■ **To do**
Omit the pictures and return exactly the stretch of the material below from the line with "Win tickets to" through the line with "The default value".

■ **Records shown**
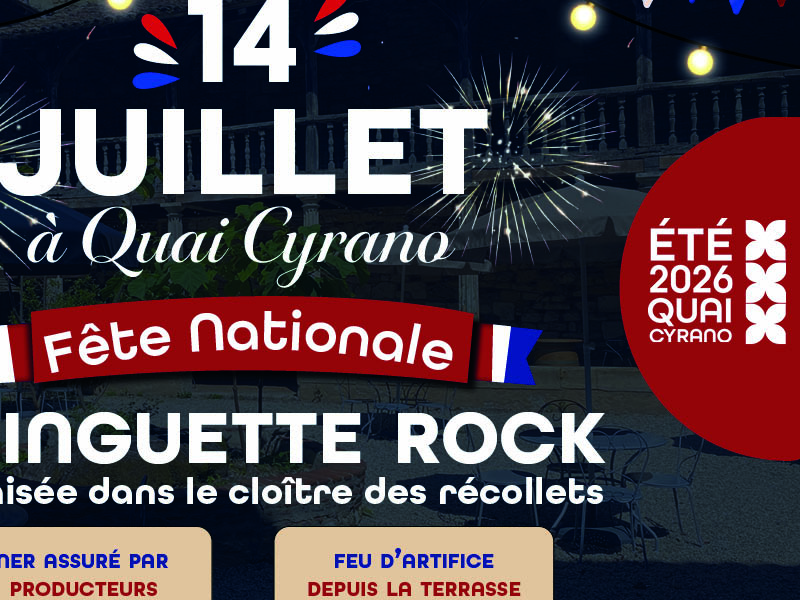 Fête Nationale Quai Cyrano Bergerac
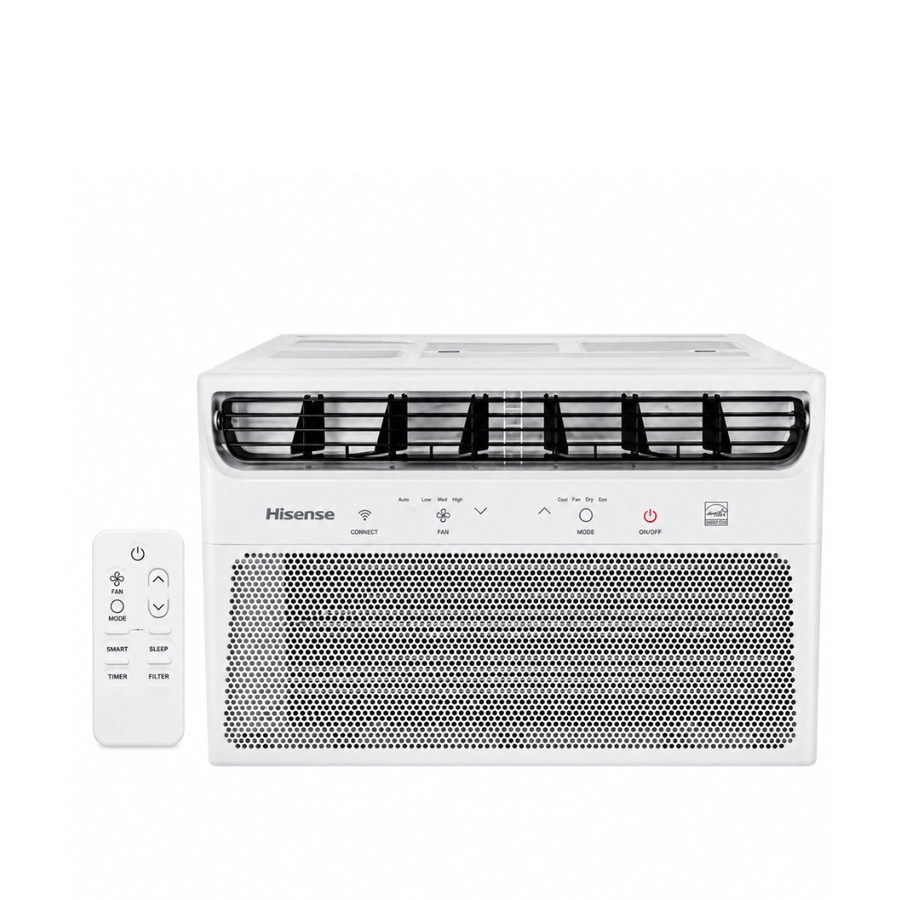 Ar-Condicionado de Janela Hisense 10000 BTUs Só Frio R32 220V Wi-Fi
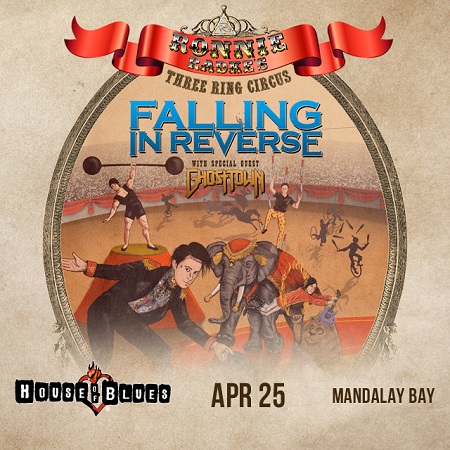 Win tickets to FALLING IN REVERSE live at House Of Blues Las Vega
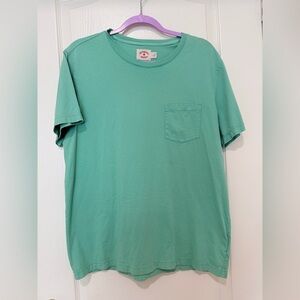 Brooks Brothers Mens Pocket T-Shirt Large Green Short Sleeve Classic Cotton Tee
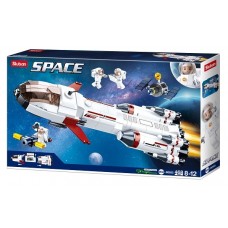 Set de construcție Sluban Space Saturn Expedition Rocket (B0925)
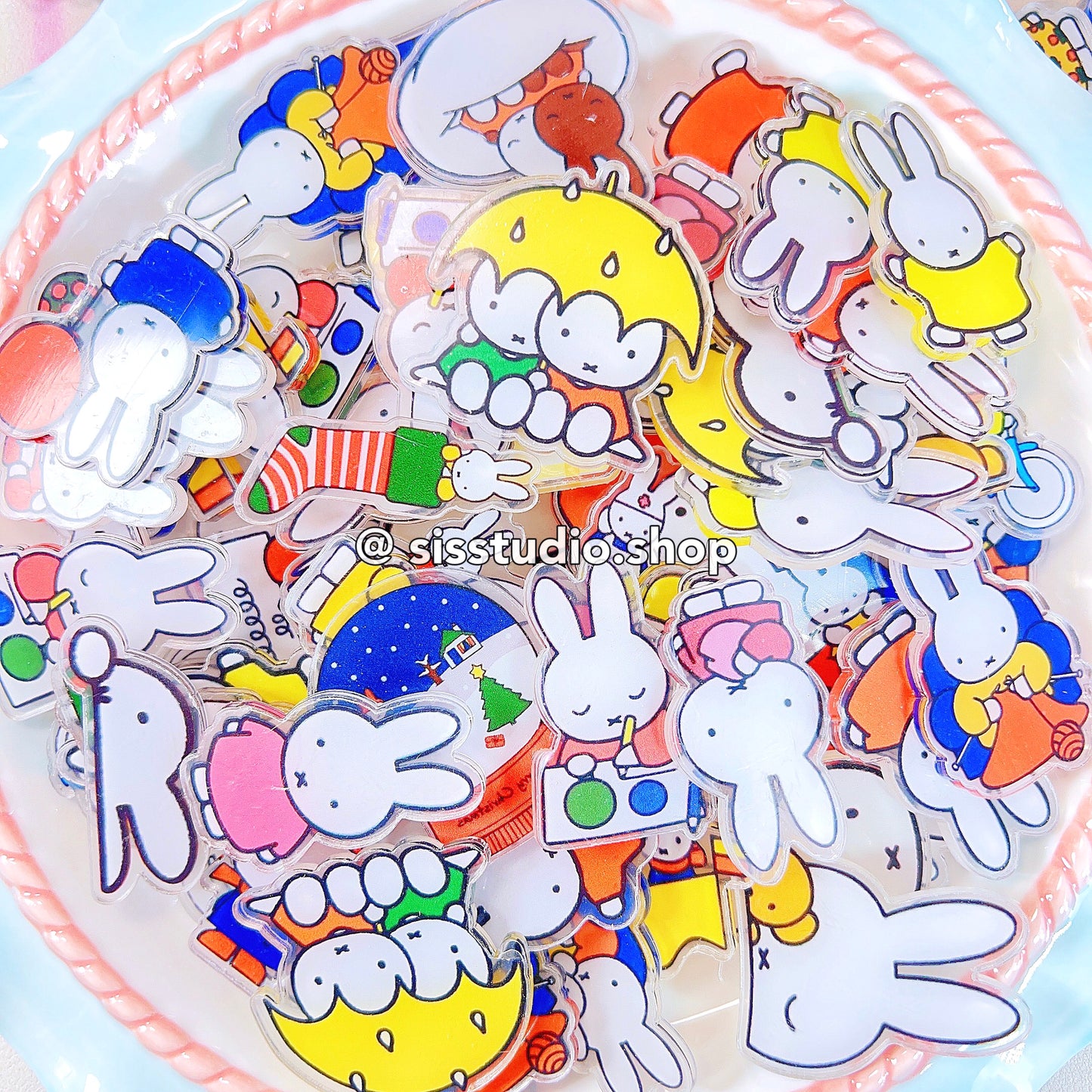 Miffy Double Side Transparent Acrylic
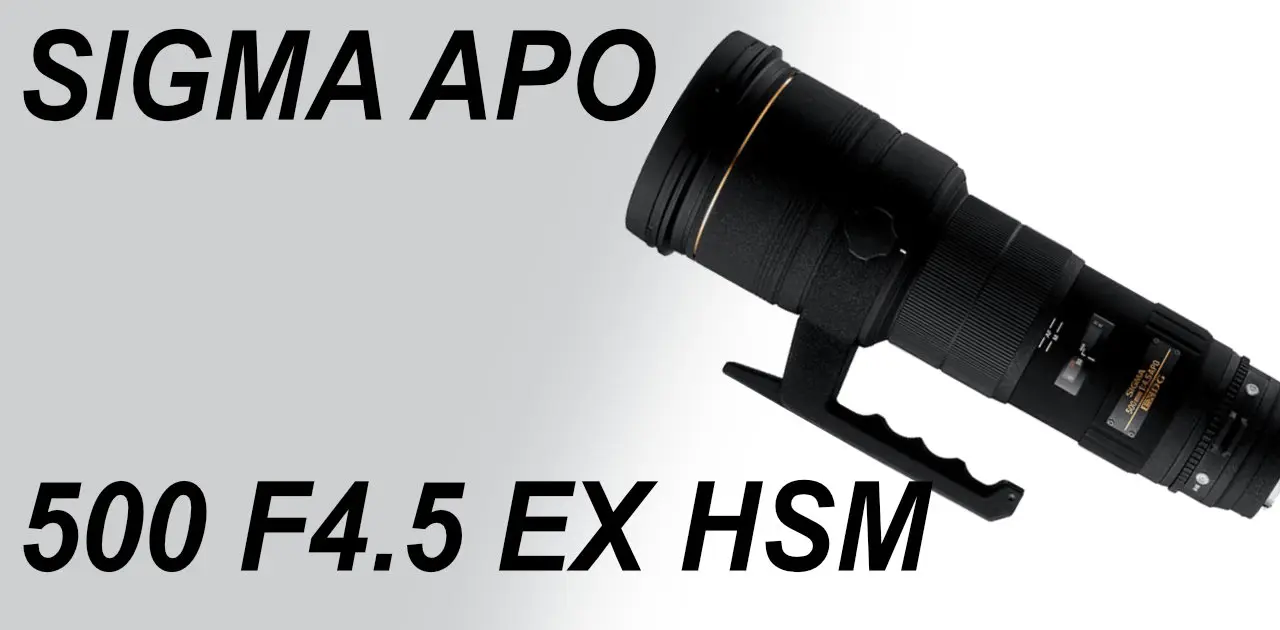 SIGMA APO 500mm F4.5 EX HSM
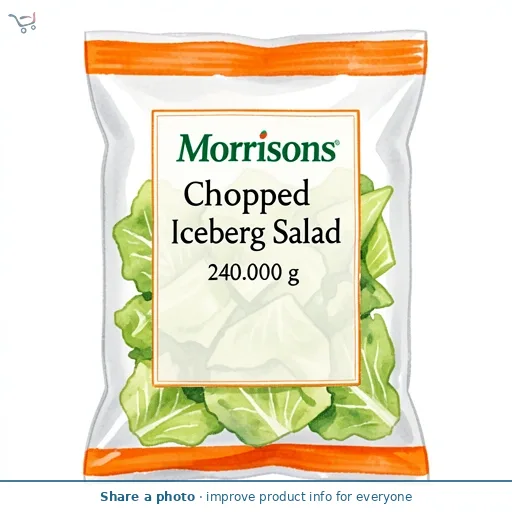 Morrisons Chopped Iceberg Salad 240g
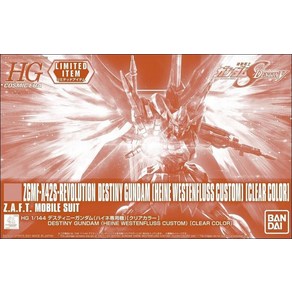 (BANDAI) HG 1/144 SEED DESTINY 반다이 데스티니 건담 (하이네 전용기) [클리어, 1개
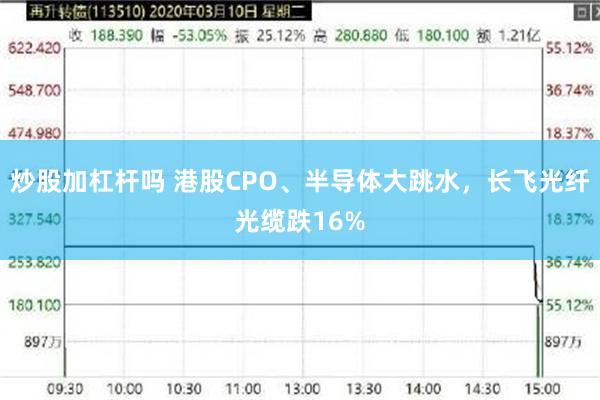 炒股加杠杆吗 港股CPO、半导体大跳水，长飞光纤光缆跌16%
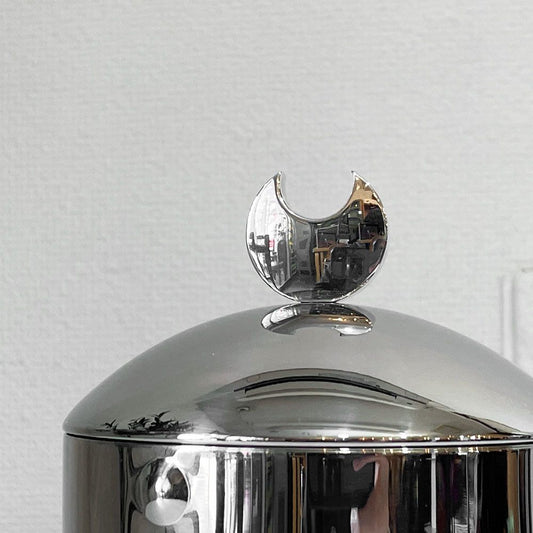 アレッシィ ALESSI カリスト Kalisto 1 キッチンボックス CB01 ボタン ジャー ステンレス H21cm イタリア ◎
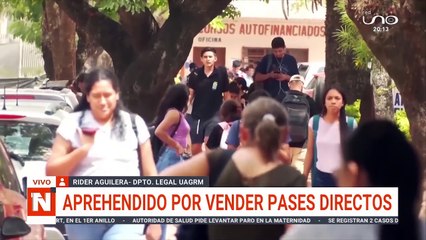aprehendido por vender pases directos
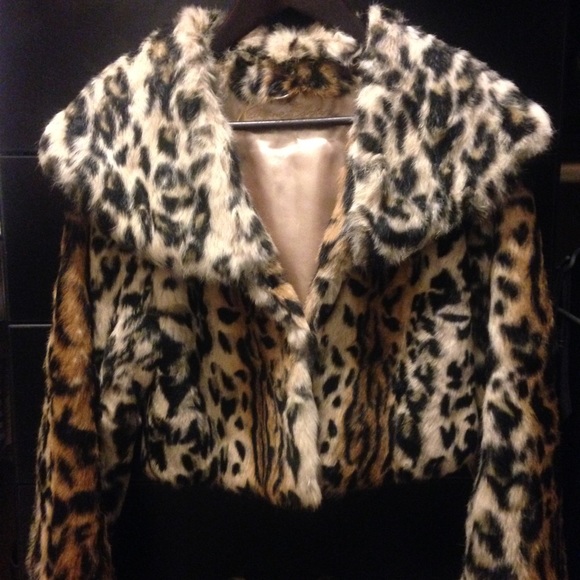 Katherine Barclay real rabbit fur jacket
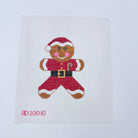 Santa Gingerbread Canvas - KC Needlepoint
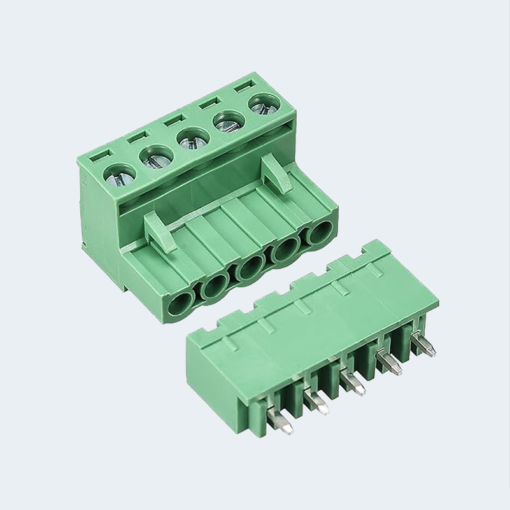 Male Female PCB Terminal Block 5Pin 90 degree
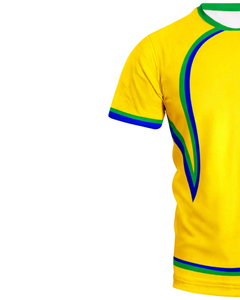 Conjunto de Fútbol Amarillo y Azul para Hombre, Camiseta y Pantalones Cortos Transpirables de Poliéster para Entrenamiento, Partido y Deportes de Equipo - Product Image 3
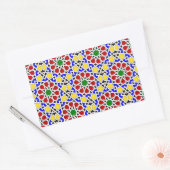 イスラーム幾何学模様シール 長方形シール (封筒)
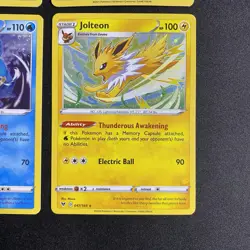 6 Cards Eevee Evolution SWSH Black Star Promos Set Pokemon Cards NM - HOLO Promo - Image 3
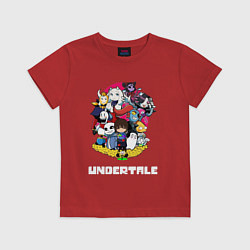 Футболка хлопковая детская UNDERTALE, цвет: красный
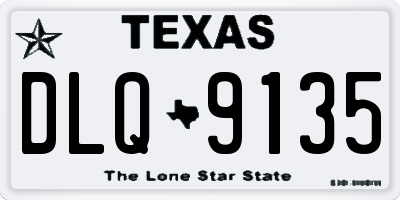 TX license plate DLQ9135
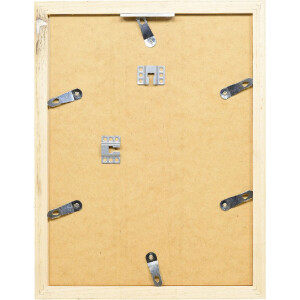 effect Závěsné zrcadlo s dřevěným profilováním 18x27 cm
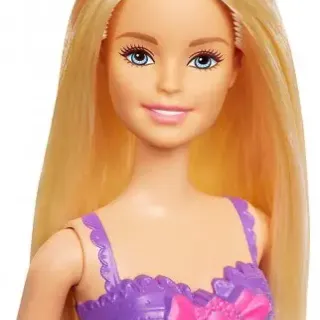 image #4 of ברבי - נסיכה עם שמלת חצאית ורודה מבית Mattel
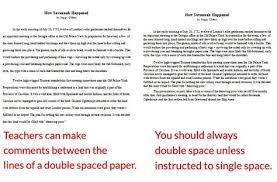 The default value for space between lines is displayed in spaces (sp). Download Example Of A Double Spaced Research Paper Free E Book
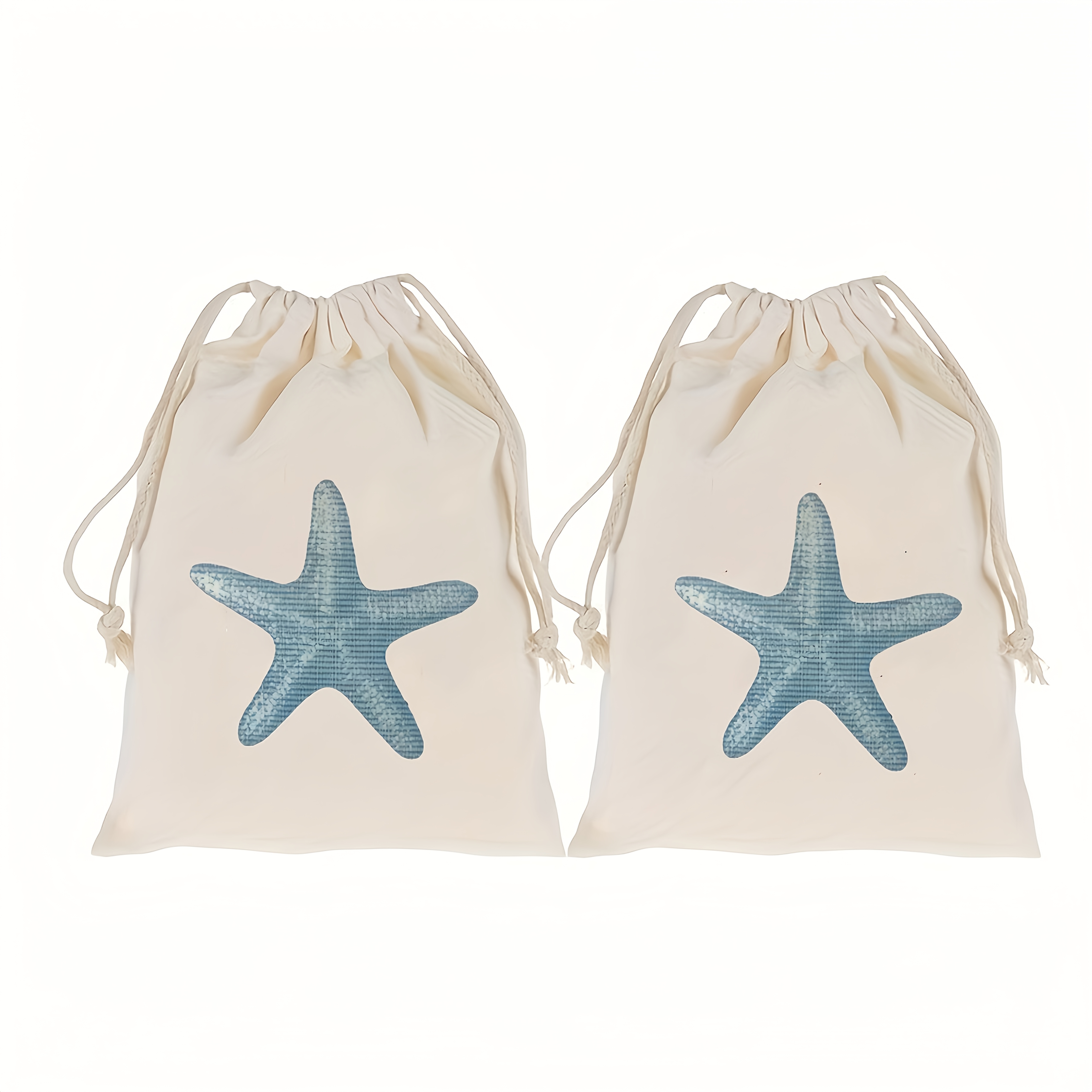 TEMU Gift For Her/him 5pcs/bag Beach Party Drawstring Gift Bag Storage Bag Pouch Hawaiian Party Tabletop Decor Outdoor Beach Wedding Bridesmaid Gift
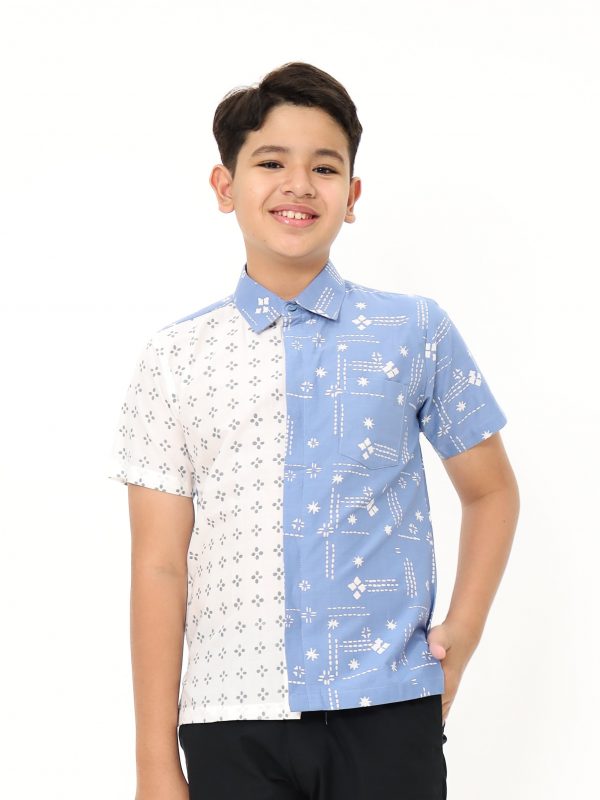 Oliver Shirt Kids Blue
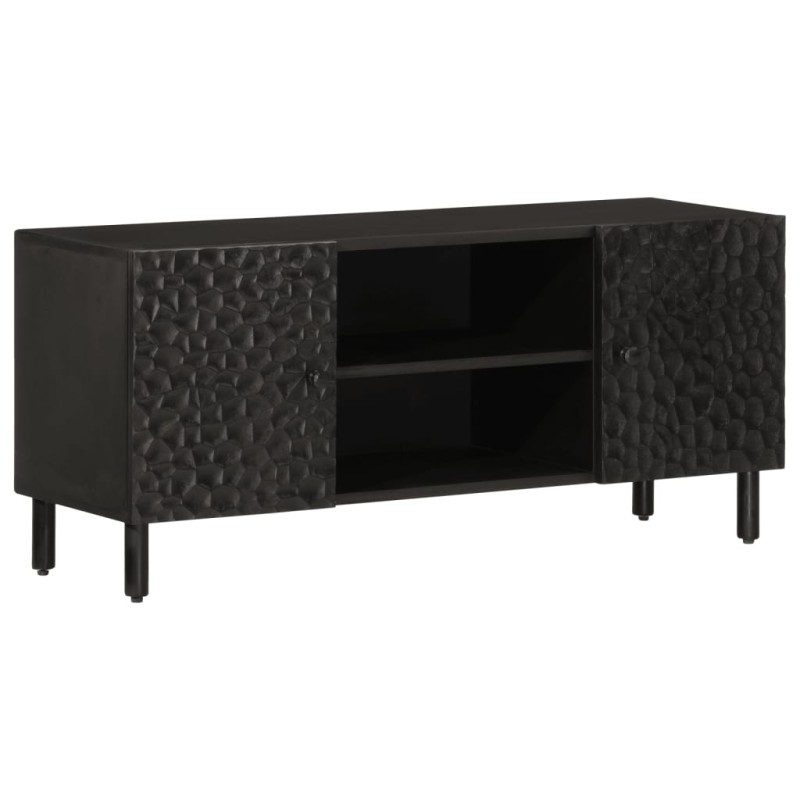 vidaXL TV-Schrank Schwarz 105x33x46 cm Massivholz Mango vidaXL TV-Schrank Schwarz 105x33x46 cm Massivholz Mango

■ **Reply**
 Win tickets to FALLING IN REVERSE live at House Of Blues Las Vega
 Brooks Brothers Mens Pocket T-Shirt Large Green Short Sleeve Classic Cotton Tee
 Set de construcție Sluban Space Saturn Expedition Rocket (B0925)
 Miffy Double Side Transparent Acrylic
 SIGMA APO 500mm F4.5 EX HSM
 Morrisons Chopped Iceberg Salad 240g
 (BANDAI) HG 1/144 SEED DESTINY 반다이 데스티니 건담 (하이네 전용기) [클리어, 1개
 炒股加杠杆吗 港股CPO、半导体大跳水，长飞光纤光缆跌16%
 アレッシィ ALESSI カリスト Kalisto 1 キッチンボックス CB01 ボタン ジャー ステンレス H21cm イタリア ◎
aprehendido por vender pases directos
 Katherine Barclay real rabbit fur jacket
 Santa Gingerbread Canvas - KC Needlepoint
 Male Female PCB Terminal Block 5Pin 90 degree
 Conjunto de Fútbol Amarillo y Azul para Hombre, Camiseta y Pantalones Cortos Transpirables de Poliéster para Entrenamiento, Partido y Deportes de Equipo - Product Image 3
 イスラーム幾何学模様シール 長方形シール (封筒)
 6 Cards Eevee Evolution SWSH Black Star Promos Set Pokemon Cards NM - HOLO Promo - Image 3
 Футболка хлопковая детская UNDERTALE, цвет: красный
 TX license plate DLQ9135
 effect Závěsné zrcadlo s dřevěným profilováním 18x27 cm
 image #4 of ברבי - נסיכה עם שמלת חצאית ורודה מבית Mattel
 The default value for space between lines is displayed in spaces (sp). Download Example Of A Double Spaced Research Paper Free E Book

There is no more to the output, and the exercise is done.